ABSTRACT

Millenarianism or millennialism is the belief in the end of this world or age and the arrival of a New Age or New World of perfected harmony, free of tragedy, suffering, evil, and even death itself. This view of the future is to be distinguished from notions of an escape or release from this world, and an entrance into a perfected existence in a heavenly realm beyond, though these views are often intertwined and related. The earliest fully developed expressions of millenarianism in the ancient Western world are found in the Prophets of the Hebrew Bible (OT), beginning in the eighth century BCE. The early Christians expanded and developed these views, relating them to the Second Coming of Jesus Christ and his one thousand year (Latin mille, “thousand”) reign before the creation of a New Heavens and New Earth (Revelation 20-22).

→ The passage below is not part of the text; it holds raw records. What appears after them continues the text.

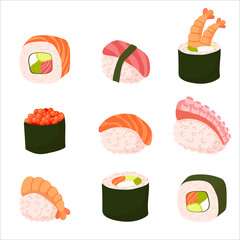 Set for sushi. Different types of sushi and rolls. Traditional Japanese roll, with tobiko caviar, original with Philadelphia cheese and soy sauce, salmon and king prawns. Vector illustration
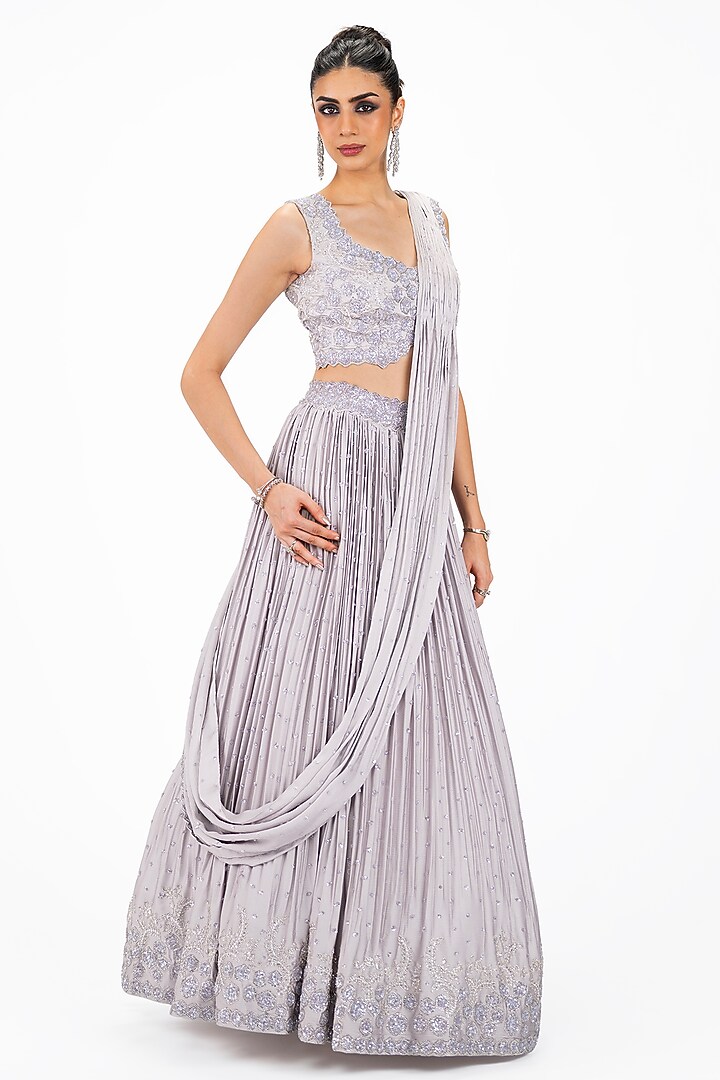 Light Lilac Satin Stone Embellished Wedding Lehenga Saree Set by Onaya at Pernia's Pop Up Shop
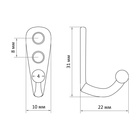 Крючок мебельный ТУНДРА TKO001, однорожковый, черный, 50 шт. - Фото 6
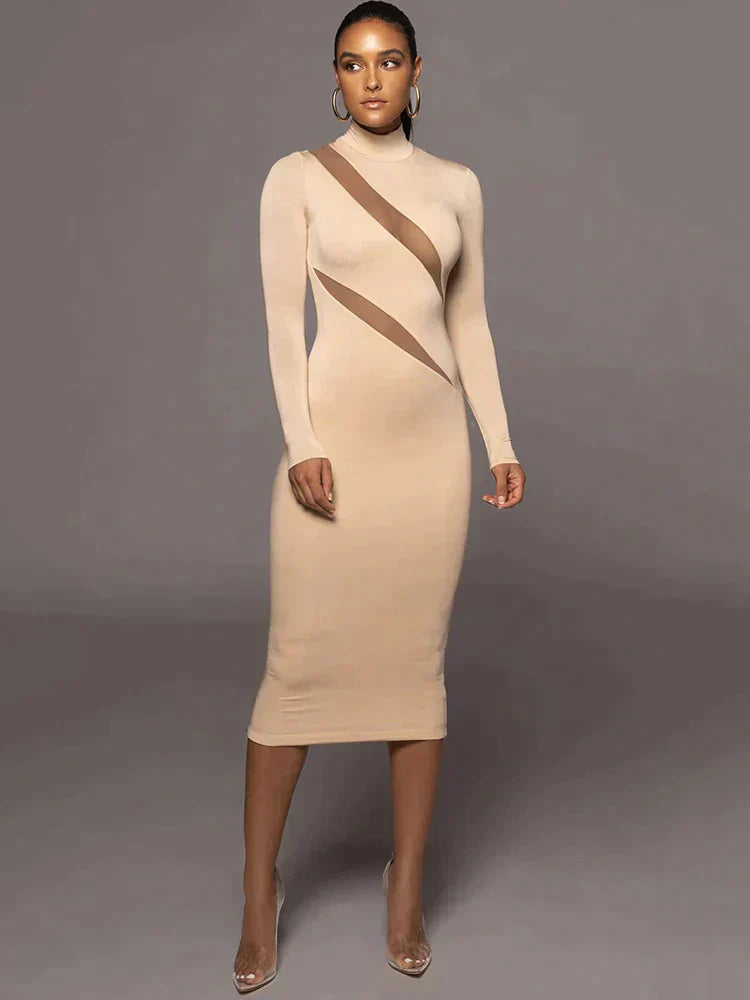 Variant image for Maxiklänning Dam Lång Ärmar Mönstrad Polyester-4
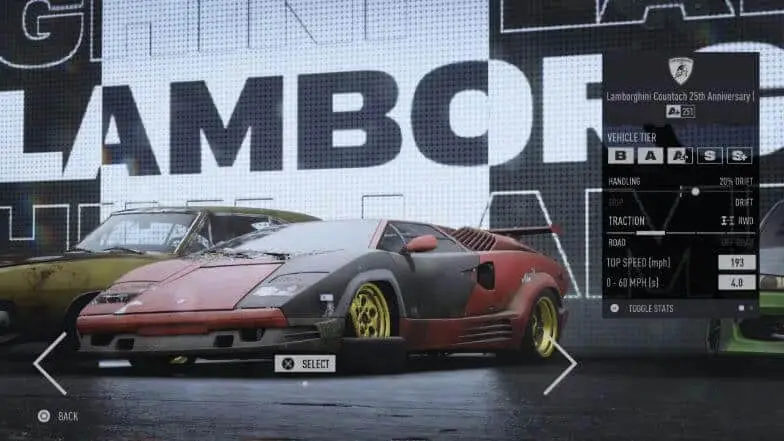 Need for Speed : Unbound - Quelle voiture de démarrage choisir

However, we can find elements of millenarian thinking, or perhaps what might be called protomillenarianism, in ancient Egyptian, Babylonian, Persian, Greek, and Roman texts as well. In the ancient Eastern world, we also find within Hindu, Buddhist, and Taoist traditions, ideas about unfolding cycles and epochs of history, but since they never involve the permanent transformation of this world, but either an escape therefrom, or a merging into the cosmos itself, they are not properly classified as millenarian-at least not in the Western sense. This article will concentrate, accordingly, on the ancient Western world.